Given material >>
━━━━
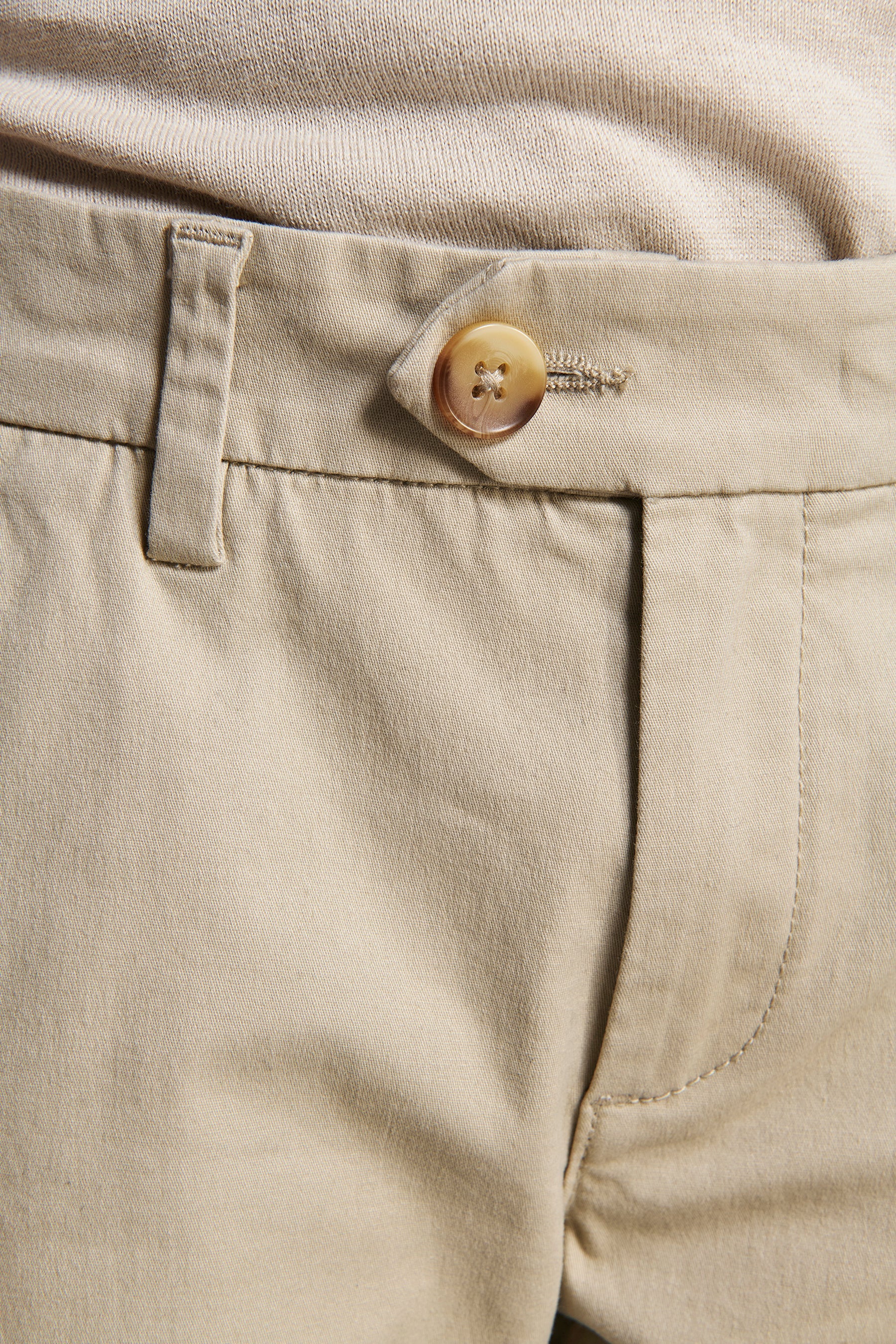Pantaloni chino cream Kids-Dan John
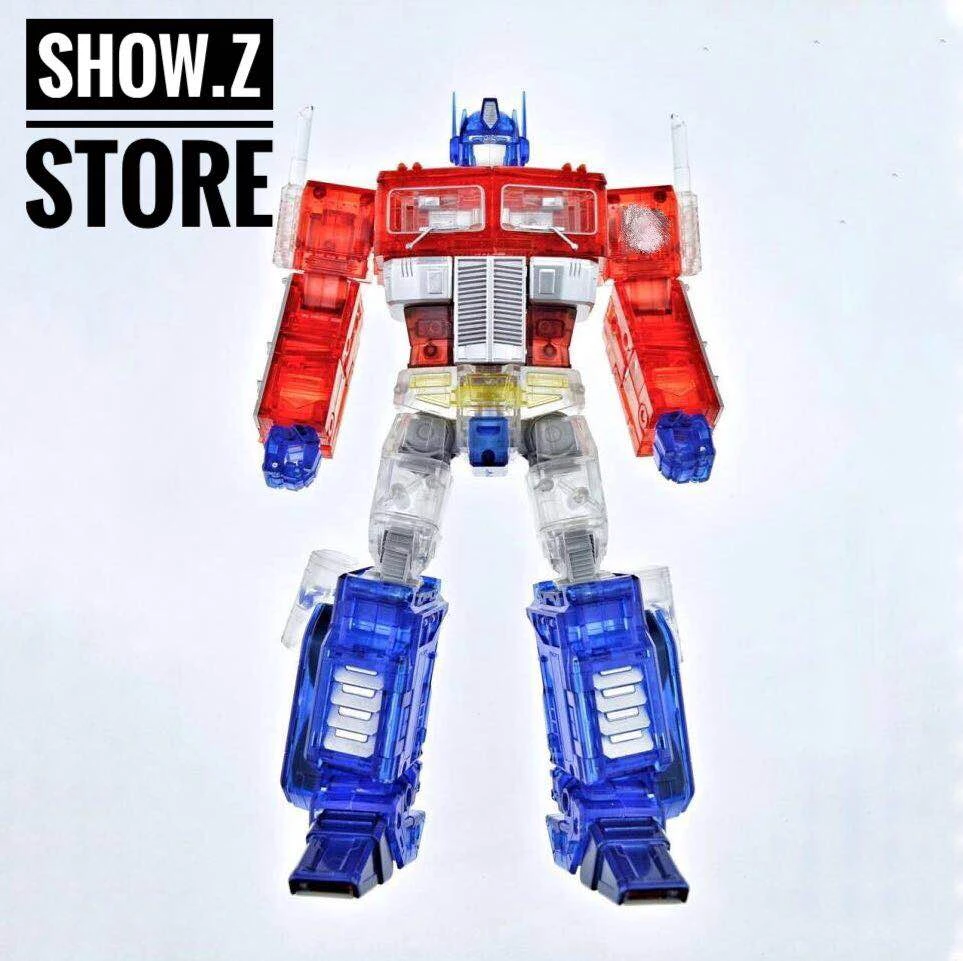 4th Party MP10C Optimus Prime Clear Version /w Trailer 4 4th Party MP10C Optimus Prime Clear Version /w Trailer - Image 2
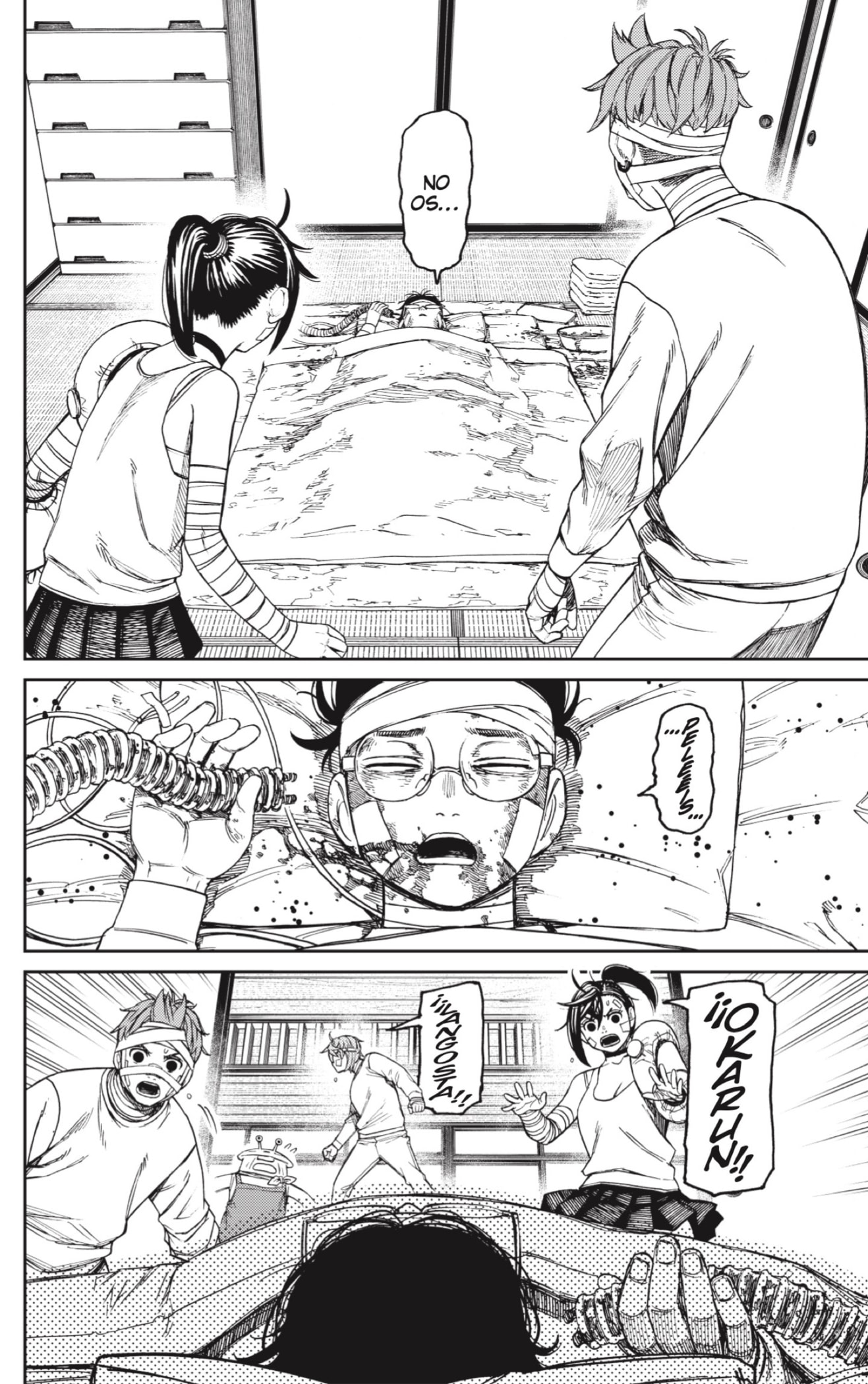 Read Dandadan ES Manga Online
━━━━
Assigned task >>
The required answer is the material repeated exactly, with no images in it.

Answer for the task >>
Pantaloni chino cream Kids-Dan John
 4th Party MP10C Optimus Prime Clear Version /w Trailer 4 4th Party MP10C Optimus Prime Clear Version /w Trailer - Image 2
 Read Dandadan ES Manga Online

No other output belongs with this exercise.